Cruising in Your Boat

If you dream of cruising, there is no need to go out and buy a new boat for the task. Boats are expensive and they take time and money to prepare them the way you like them. If you want to go cruising, in general, and not a specific type or place, then take the boat you have now and get going! 

I cursed myself with the dream of sailing across the Atlantic. To me, cruising meant saying goodbye to shore as I sailed out into the horizon, only to come upon land after weeks at sea without ever wandering from my straight line course. I didn't want to head out, turn, and come back; I wanted to leave and arrive in a totally new land! 

This meant that I needed to find a blue water cruiser that I could afford, which translates into an old boat that needs a lot of work!  

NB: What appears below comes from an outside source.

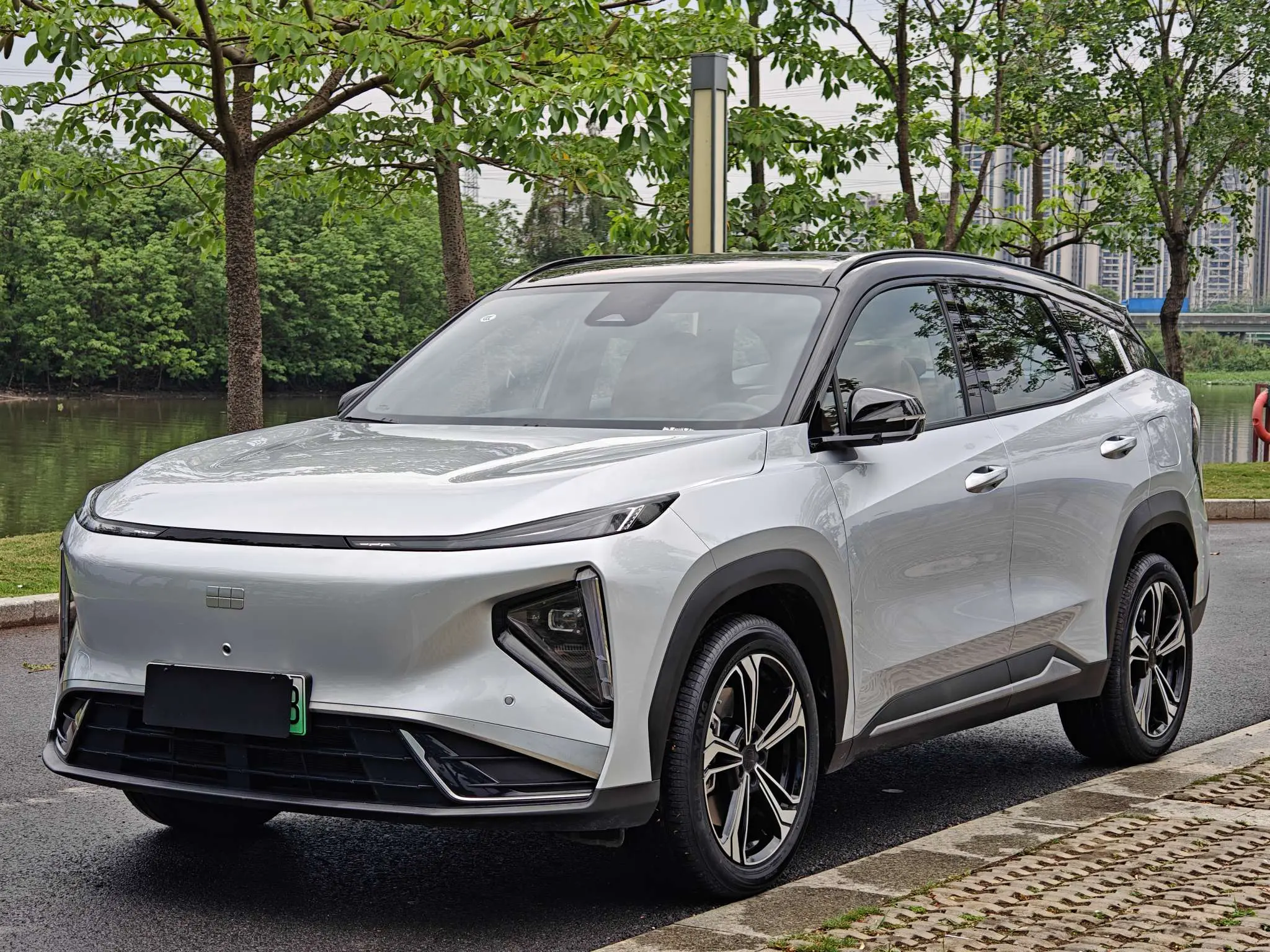 Geely Galaxy L7
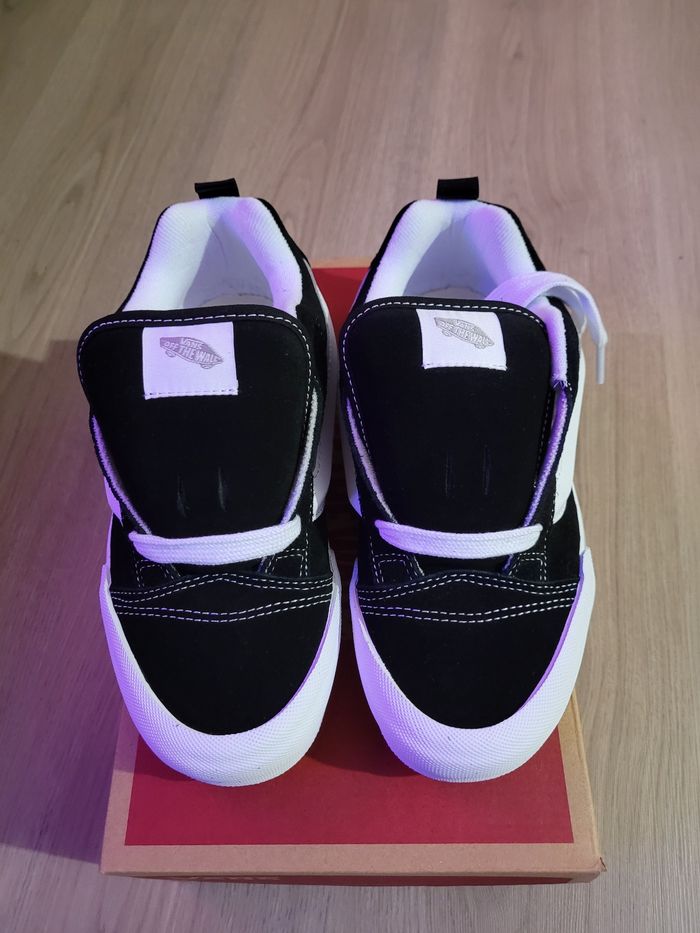 Baskets Vans modèle Knu Skool - photo numéro 2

I found my blue water to-be cruiser, and the price was very low. I bought a 1968 Morgan 45 for $19,500, and then spent the next five years in a marina working on it while I dreamed of distant horizons. I slowly installed the needed systems as I could afford them, gradually turning this old race boat into a capable cruising boat. 

Over all these years, I saw many people in the marina arrive and then leave. One such person really stuck out to me though. He got his boat for free off of Craigslist. It was an old and small Hunter Sailboat with a working diesel motor. This guy wanted to go cruising, so he sold all his stuff and picked up this free boat! Now he had a lot of money in his pocket and no bills to pay. 

He was in the marina for a while, and then he untied his lines and left. A few months later, he sent me an email because he had made it down to Florida. He motored his way down the ICW (Intra Coastal Waterway). He never learned how to sail, so he simply ran the motor to get everywhere. All the money he had in his pocket allowed him to pay for fuel, and going slowly he was able to burn less fuel for the same distance traveled.

This guy emails me from warm and sunny Florida, while he is relaxing on a beach in January while I was stuck in Baltimore, MD, in a cold spell where the temperature never got above freezing for a week!  

The point I'm trying to make is cruising is cruising. The act of untying the lines and going is what cruising is all about! If your boat is small, or not sea-worthy, who cares? Don't go out in the ocean and simply coastal hop as you make your way around! 

Cruising doesn't have to be expensive, and it doesn't have to be a distant dream. If you have a boat, you can go now and if you don't have a boat, you can always pick one up for cheap (or free) and get out on the water now.